Quad bike in former soldier's fatal Australia crash had faulty brakes

A former soldier died in Australia when the quad bike he was riding with faulty brakes was hit by an oncoming truck.

Wednesday, 1st June 2016, 1:22 pm
Updated Wednesday, 1st June 2016, 2:23 pm

Mr Scott Thompson (27) had been working on a dairy farm in Bungador, Victoria, with his girlfriend Samantha Allott when tragedy struck on February 4th, 2014.

The happy couple had only been in the country a matter of months after travelling around the Far East.

Scott, the son of Stephen and Lynne Thompson, of Sansbury Crescent, Nelson, was travelling back to the farm from his house across the road when the accident occurred.

A police investigation found that the bike was unregistered and therefore could not be driven on roads.

The front brakes were covered in dried mud and were heavily corroded at the time of the accident, according to police investigator Sgt Leigh Booth.

Foscor Pty Ltd, which owned the farm, was fined $40,000 after pleading guilty to three health and safety charges relating to Scott’s fatal accident.

An inquest at Burnley Coroner’s Court heard evidence from the findings of Victoria state Coroner Mr Peter White who held an investigation in Melbourne on April 19th.

In his findings, Mr White criticised Foscor for not having formal written training sheets for foreign workers at the farm, describing it as “substandard”.

Mr Thompson, who had served in the Duke of Lancaster’s Regiment, had been travelling the world with Miss Allott before they arrived in Australia in November, 2013.

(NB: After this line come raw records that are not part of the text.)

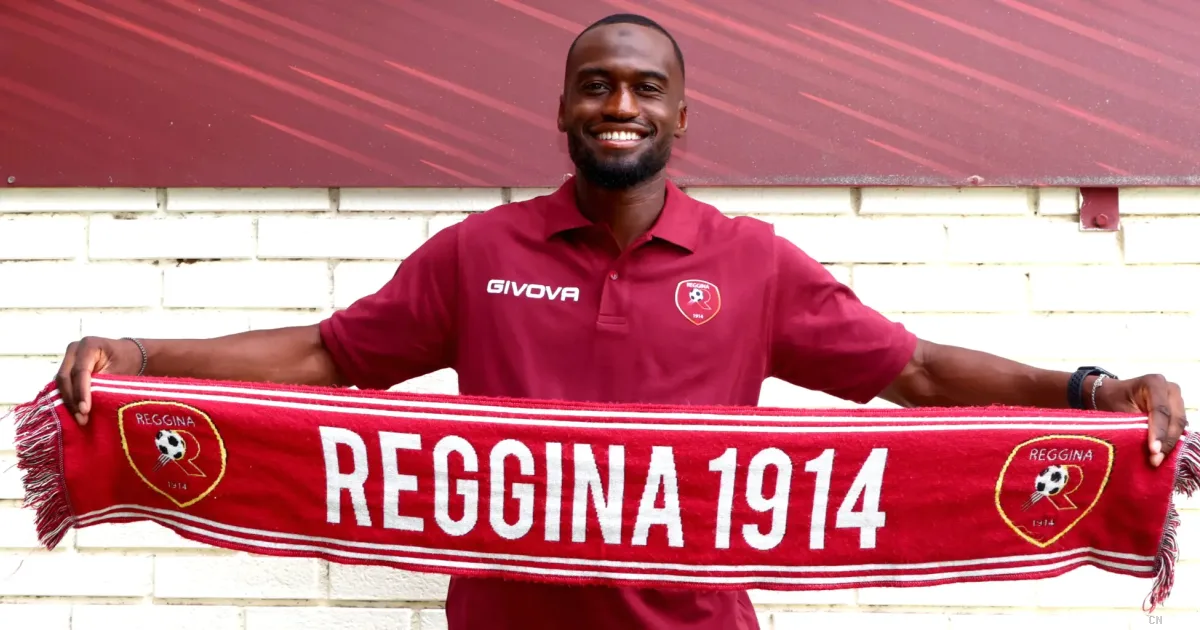 Abonckelet è un nuovo giocatore della Reggina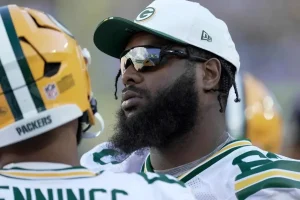 Rasheed Walker’s Penalty Issues Seal His Packers Exit
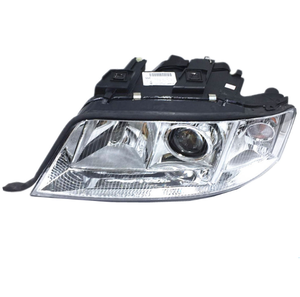 Faro Delantero de Alta Calidad para Audi A6 99-05, Ensamblaje de Faro para Audi A6C5 02/03 con Motor Xenón Halógeno - Product Image 2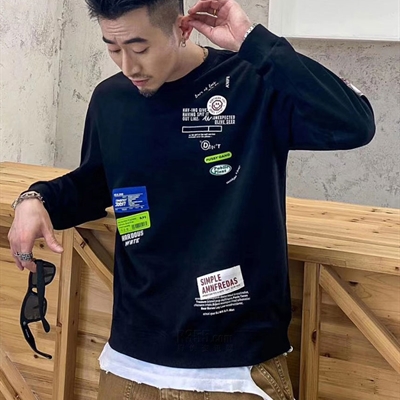 市场上装-卫衣-微潮卫衣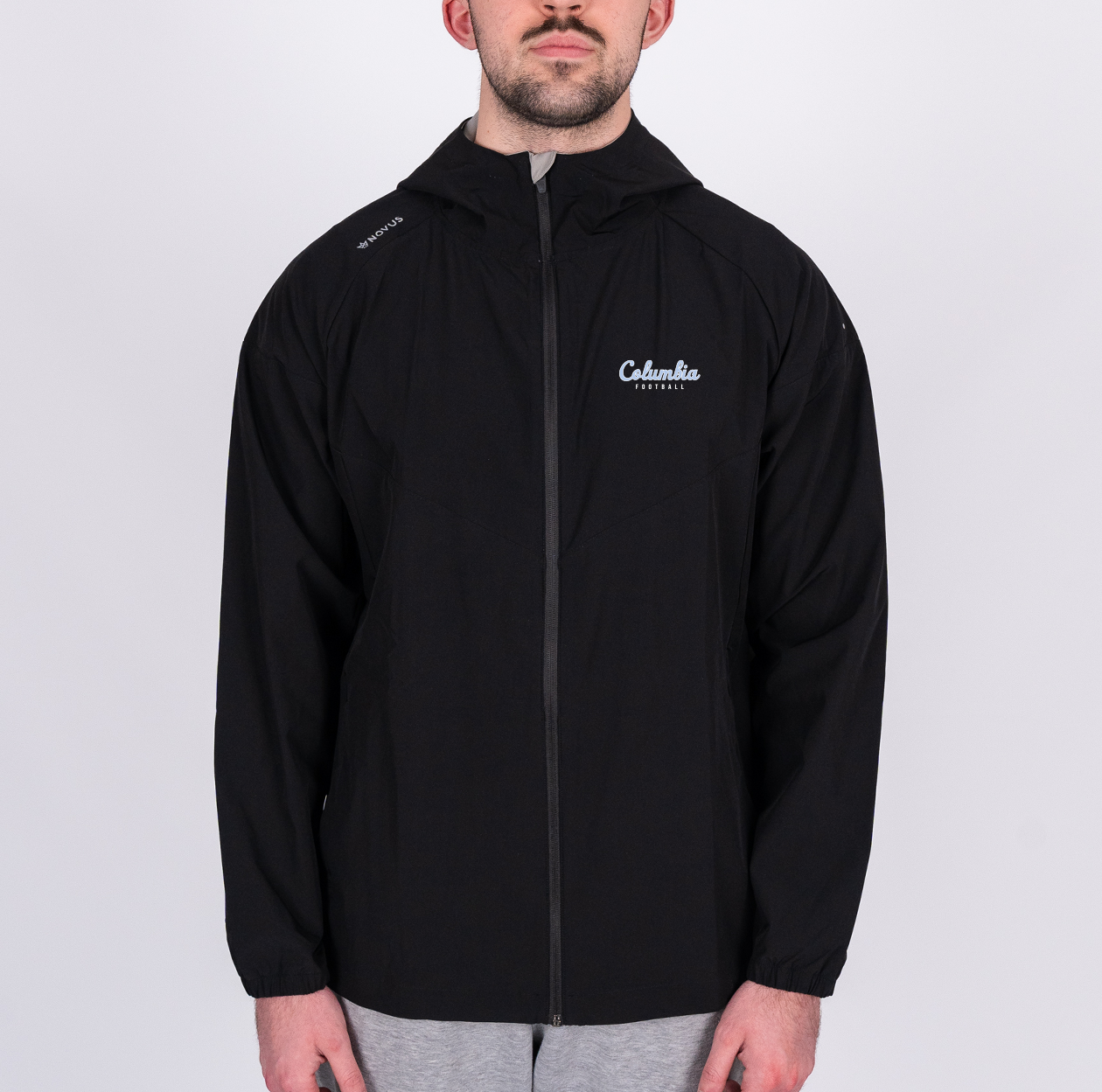 COLUMBIA HS FOOTBALL '26 RESILIENT FULL ZIP JACKET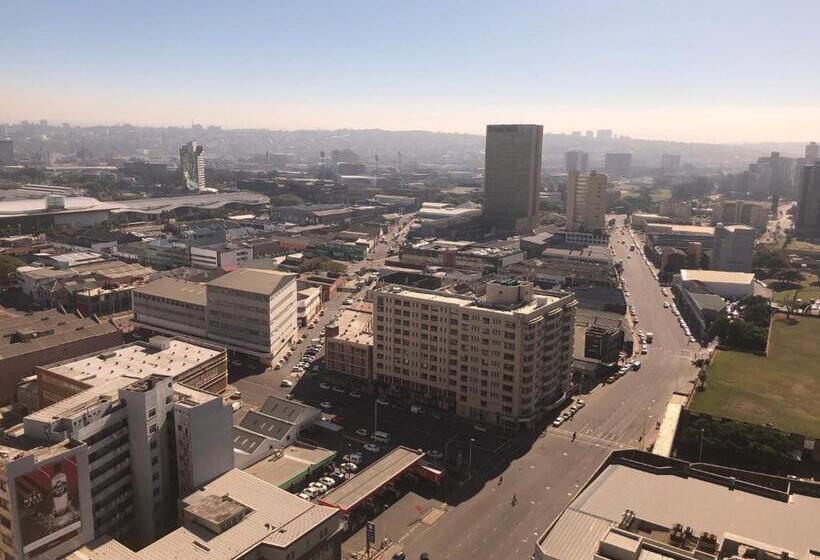 Апартаменты Пентхаус 1 Спальня, Coastlands Durban Self Catering Holiday Apartments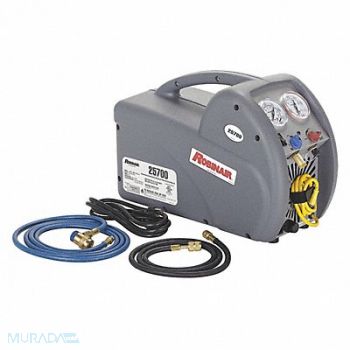 ROBINAIR Refrigerant Recovery Machine 2-Port Type, 54HD82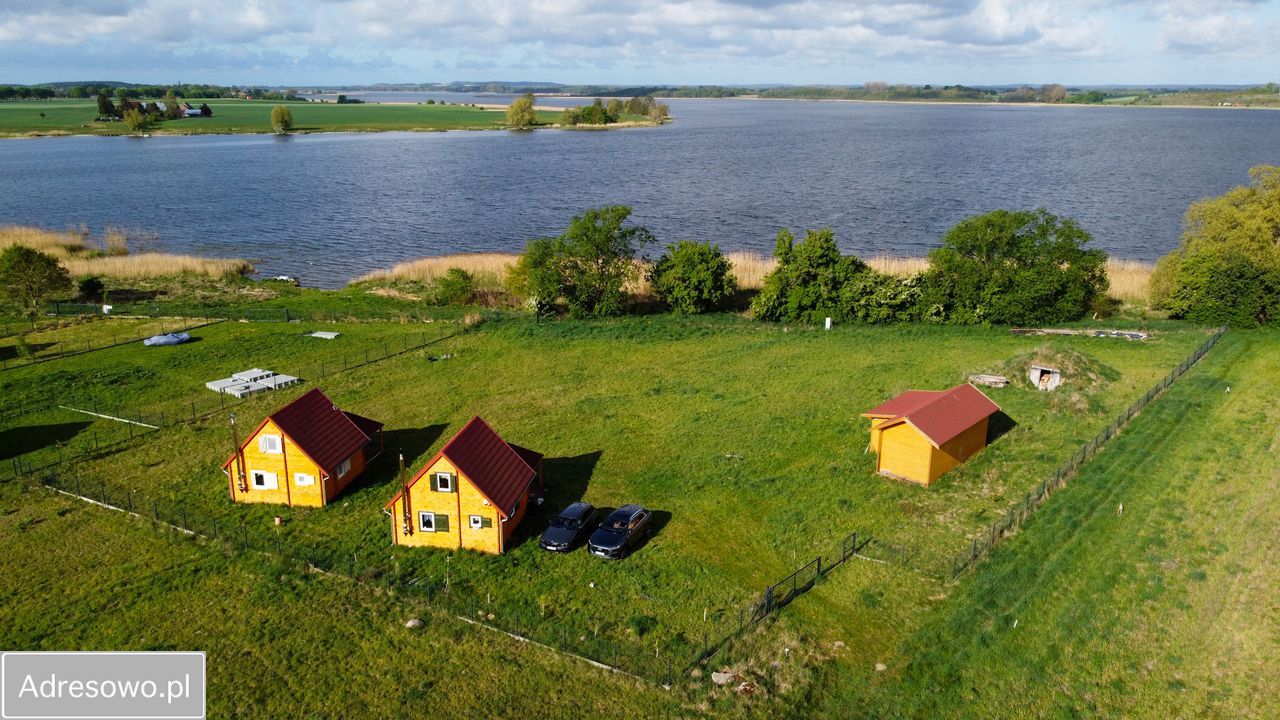 dom letniskowy, 4 pokoje Kukułowo. Zdjęcie 10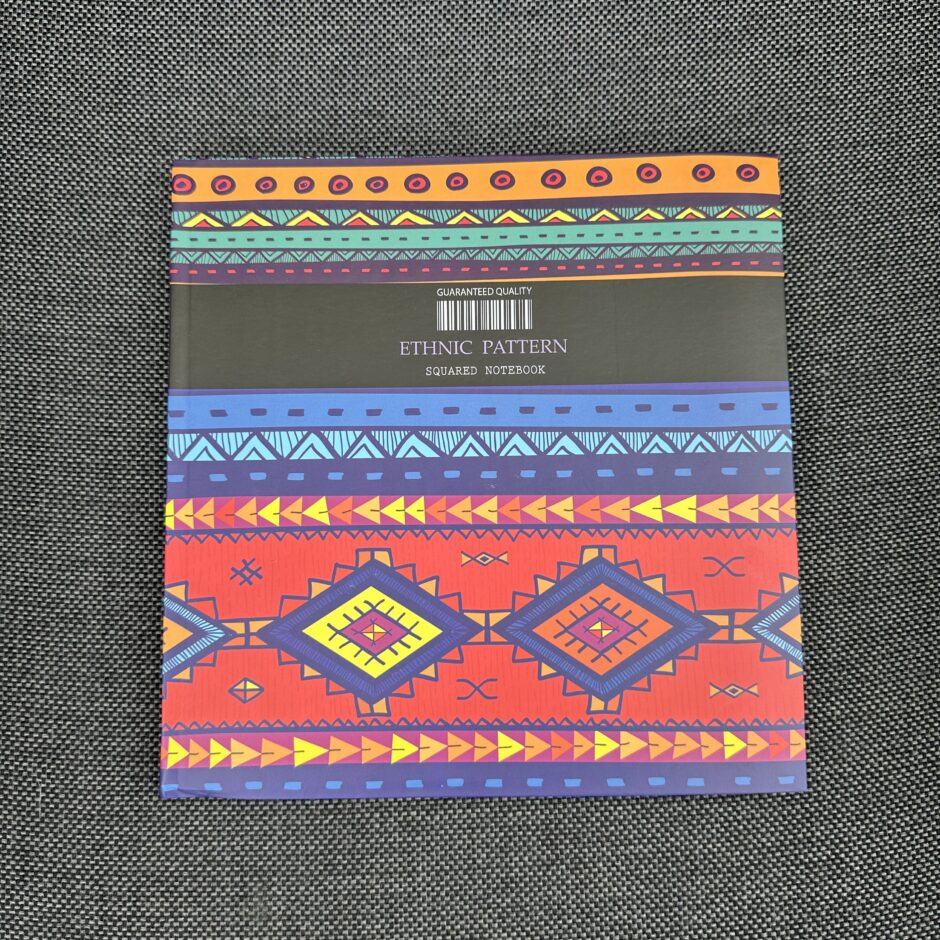 Блокнот Етно 2(120 аркушів)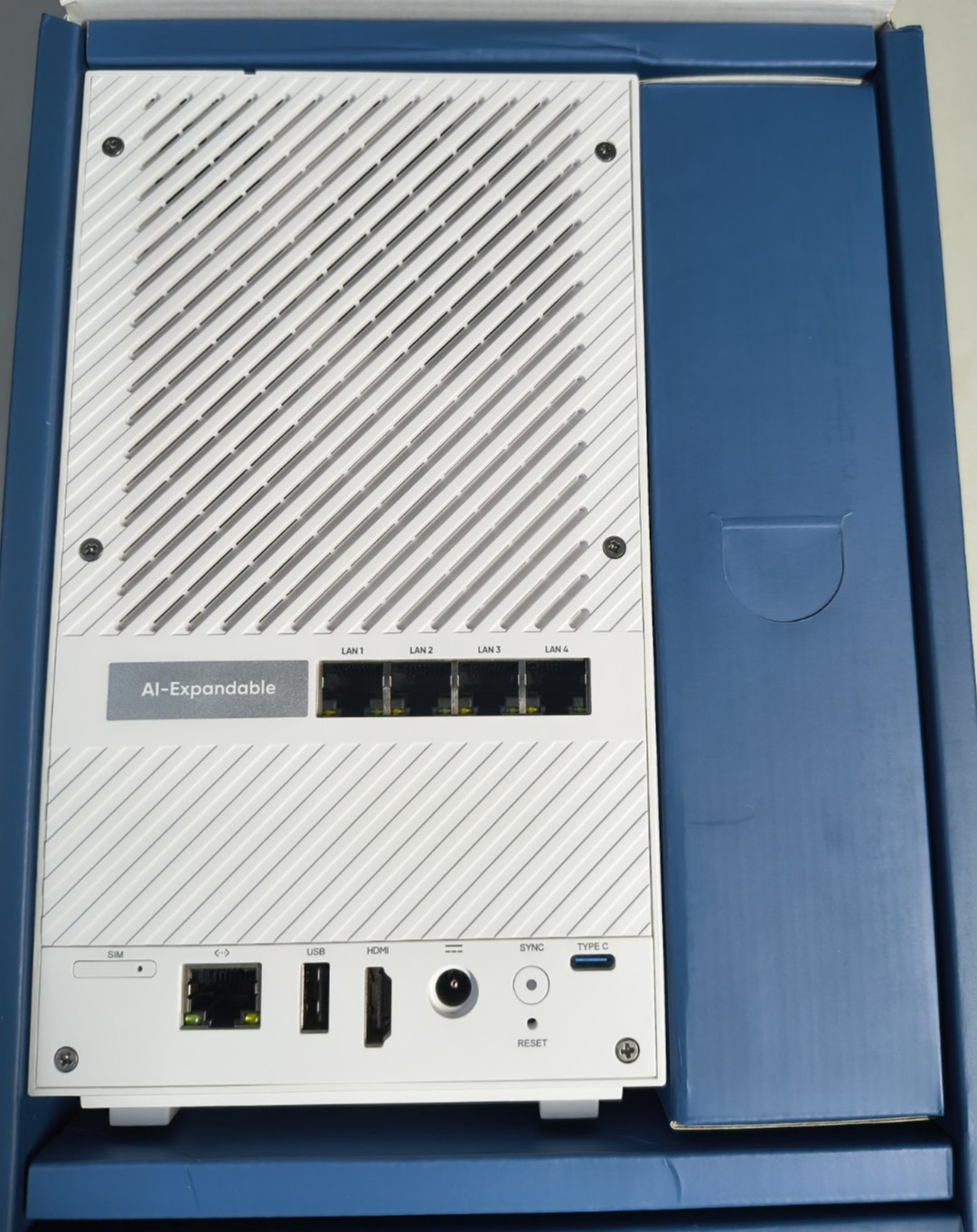 eufy HomeBase Professional S1 — New Open Box
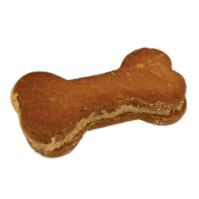 Organic Dog Treat Boxed Lunch Bone Cookies 8 count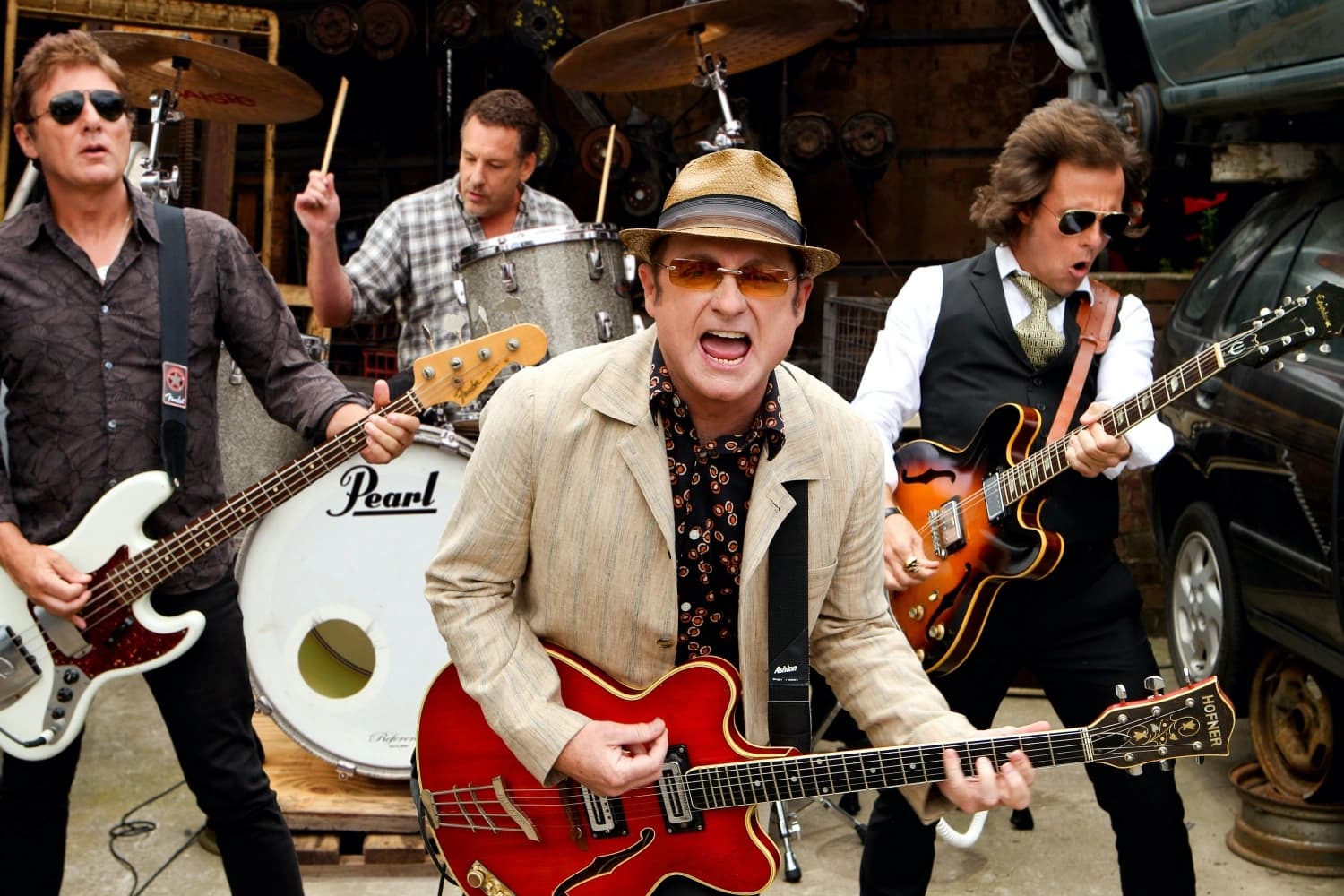 Hoodoo Gurus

The former Primet High School pupil had found a job on a dairy farm where he would milk the cows at 6-30am and again later in the day.

The inquest heard that farm workers had been told that the braking system on the quad bike had not been maintained for “a considerable period of time.”

It was accepted that Scott was aware the brakes didn’t work when he was returning home at around 10-30am, but there was some dispute over whether the farm workers had been told they should not ride the bike on roads.

Witnesses reported seeing the quad bike cross the road at a fast speed shortly before the collision. Scott died at the scene of multiple injuries.

East Lancashire Coroner Mr Richard Taylor recorded a conclusion of accidental death.

He said: “I suspended the inquest originally to allow the Australian investigation.

“Scott Thompson died from injuries sustained when the poorly maintained quad bike he was riding was struck by an other vehicle.”

Family and friends – including his ex-Army colleagues - packed Holy Trinity Church, Colne, for Scott’s funeral in February, 2014.